Assessment of rat and mouse RGC apoptosis imaging in vivo with different scanning laser ophthalmoscopes

Abstract

Purpose: We have recently described a novel way of imaging apoptosing retinal ganglion cells in vivo in the rat. This study investigated if this technique could be used in the mouse, and whether the Heidelberg Retina Angiograph II (HRAII) was appropriate.

Methods: Retinal ganglion cell (RGC) death was induced by intravitreal injections in rat and mouse eyes using staurosporine. Fluorescent-labeled apoptosing cells were detected by imaging with both the HRAII and a prototype Zeiss confocal scanning laser ophthalmoscope (cSLO). Averaged in vivo images were analyzed and results compared with histologic analysis.

Results: Fluorescent points (FPs) used as a measure of RGC apoptosis in vivo were detected in the mouse eye but only with the HRAII and not the Zeiss cSLO. The HRAII was able to detect 62% more FPs in rat than the Zeiss cSLO. Both cSLOs showed peak FP counts at the 5- to 10-microm range in rat and mouse. Maximal FP counts were detected in the superior and superior temporal regions in the rat, with no obvious pattern of distribution in the mouse. The HRAII was found to have more FP correspondence with histologically identified apoptosing RGCs.
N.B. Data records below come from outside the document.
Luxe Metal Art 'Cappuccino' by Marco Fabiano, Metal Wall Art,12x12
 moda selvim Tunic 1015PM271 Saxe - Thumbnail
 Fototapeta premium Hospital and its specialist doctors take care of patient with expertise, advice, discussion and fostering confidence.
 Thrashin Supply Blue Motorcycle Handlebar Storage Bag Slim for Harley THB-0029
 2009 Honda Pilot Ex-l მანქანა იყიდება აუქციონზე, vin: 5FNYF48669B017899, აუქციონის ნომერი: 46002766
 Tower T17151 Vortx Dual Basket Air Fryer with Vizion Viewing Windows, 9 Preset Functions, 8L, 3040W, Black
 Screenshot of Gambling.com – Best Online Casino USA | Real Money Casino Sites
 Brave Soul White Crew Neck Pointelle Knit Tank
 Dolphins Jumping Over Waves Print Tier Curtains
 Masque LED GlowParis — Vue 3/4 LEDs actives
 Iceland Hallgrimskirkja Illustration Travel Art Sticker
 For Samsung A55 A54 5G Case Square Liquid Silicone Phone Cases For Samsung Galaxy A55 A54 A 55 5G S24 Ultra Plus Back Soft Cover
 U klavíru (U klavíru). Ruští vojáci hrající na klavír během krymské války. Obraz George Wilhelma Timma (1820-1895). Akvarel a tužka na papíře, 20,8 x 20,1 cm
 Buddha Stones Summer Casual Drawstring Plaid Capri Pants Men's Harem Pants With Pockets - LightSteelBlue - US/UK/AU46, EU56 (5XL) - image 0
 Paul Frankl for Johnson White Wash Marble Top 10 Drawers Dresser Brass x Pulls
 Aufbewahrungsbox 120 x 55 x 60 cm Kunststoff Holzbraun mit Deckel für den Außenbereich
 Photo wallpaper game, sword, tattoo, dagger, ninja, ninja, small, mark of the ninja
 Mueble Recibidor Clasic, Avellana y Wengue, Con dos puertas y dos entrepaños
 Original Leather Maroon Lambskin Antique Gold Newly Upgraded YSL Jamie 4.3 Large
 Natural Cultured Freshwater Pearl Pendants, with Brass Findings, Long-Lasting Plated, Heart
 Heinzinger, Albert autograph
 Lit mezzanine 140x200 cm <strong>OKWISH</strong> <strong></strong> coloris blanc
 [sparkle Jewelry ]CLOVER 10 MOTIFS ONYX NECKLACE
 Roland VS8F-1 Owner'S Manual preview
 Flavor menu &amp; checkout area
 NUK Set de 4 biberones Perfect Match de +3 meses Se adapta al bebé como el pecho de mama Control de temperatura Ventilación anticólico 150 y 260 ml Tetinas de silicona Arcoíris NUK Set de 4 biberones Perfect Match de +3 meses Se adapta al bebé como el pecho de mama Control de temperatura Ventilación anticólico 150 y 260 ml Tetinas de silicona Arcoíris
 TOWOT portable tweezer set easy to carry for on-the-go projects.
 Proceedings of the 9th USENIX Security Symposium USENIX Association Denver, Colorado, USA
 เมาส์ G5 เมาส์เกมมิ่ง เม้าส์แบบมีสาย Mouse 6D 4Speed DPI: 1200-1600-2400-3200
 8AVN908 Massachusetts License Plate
Conclusions: To our knowledge, this is the first demonstration of visualized apoptosing RGC in vivo in a mouse. The improved image quality achieved with the HRAII compared with the Zeiss cSLO was validated by histology. This together with its enhanced maneuverability and the fact that it is already commercially available make the HRAII a potential tool for the early detection and diagnosis of glaucomatous disease in patients.

FIGURE 1

Retinal reflective images obtained in vivo in the rat with the (a) HRAII and the (b) Zeiss cSLO and in the mouse with the (c) HRAII and the (d) Zeiss cSLO.

FIGURE 2

Retinal fluorescence images obtained in vivo with the (a, c) HRAII and the (b, d) Zeiss cSLO of the same retinae in (a, b) rat and (c, d) mouse. The numerous fluorescent points (FPs) are evident in the enlarged area outlined in (c) The increased resolution of the HRAII is clearly visible.

FIGURE 3

Comparison of the FP size distribution between rat and mouse obtained by the HRAII. (a) Most fluorescent counts were obtained in the 5- to 10-μm size range in both rats and mice (a). (b) A comparison of the average number of FPs between rat and mouse according to its respective retinal image location is shown. (c) There is no pattern of distribution of FPs in relation to retinal image location, although the fluorescence is more evenly distributed in the mouse retina.

FIGURE 4

Comparison of apoptotic FP density (HRA vs. Zeiss). (a) The average number of apoptotic FPs per mm² in rats was 25 for the HRAII and 13 for the Zeiss cSLO. This suggest that the HRAII picks up 1.9 times more fluorescence signal compared with the Zeiss cSLO. (b) The difference between HRAII and Zeiss FP counts plotted against the average combined HRAII and Zeiss count shows a positive trend suggesting the HRAII is more sensitive at detecting smaller point signals. The marked data points highlight typical points, detailed in the text for comparison.

FIGURE 5

FP distribution in relation to (a) their diameter size and (b, c) the retinal image location in the rat. On average, the Zeiss detects 60% less fluorescent signal compared with the HRAII. The majority of FPs were within the 5- to 10-μm size range and the count number gradually decreased with increasing point diameter (a). The average number of FPs per single frame according to its respective retinal image location is shown in (b) with the corresponding retinal image map (c).

FIGURE 6

Histologic confirmation that apoptotic cells (a, labeled with Annexin V) were localized to RGC (b, retrogradely labeled with DiI) as shown in the combined micrograph (c) in the SSP model in a mouse.

FIGURE 7

Comparisons between the average apoptotic FP density detected by in vivo imaging and average apoptotic RGC density detected by confocal histology. (a) In the rat, confocal histology detects 42 cells/mm² compared with HRAII (25 cells/mm²; 60% of histology) and Zeiss cSLO (13 cells/mm²; 32% of histology). (b) In the mouse, the HRAII shows 54% (25 apoptotic cells/mm²) of the confocal histology (48 apoptotic cells/mm²).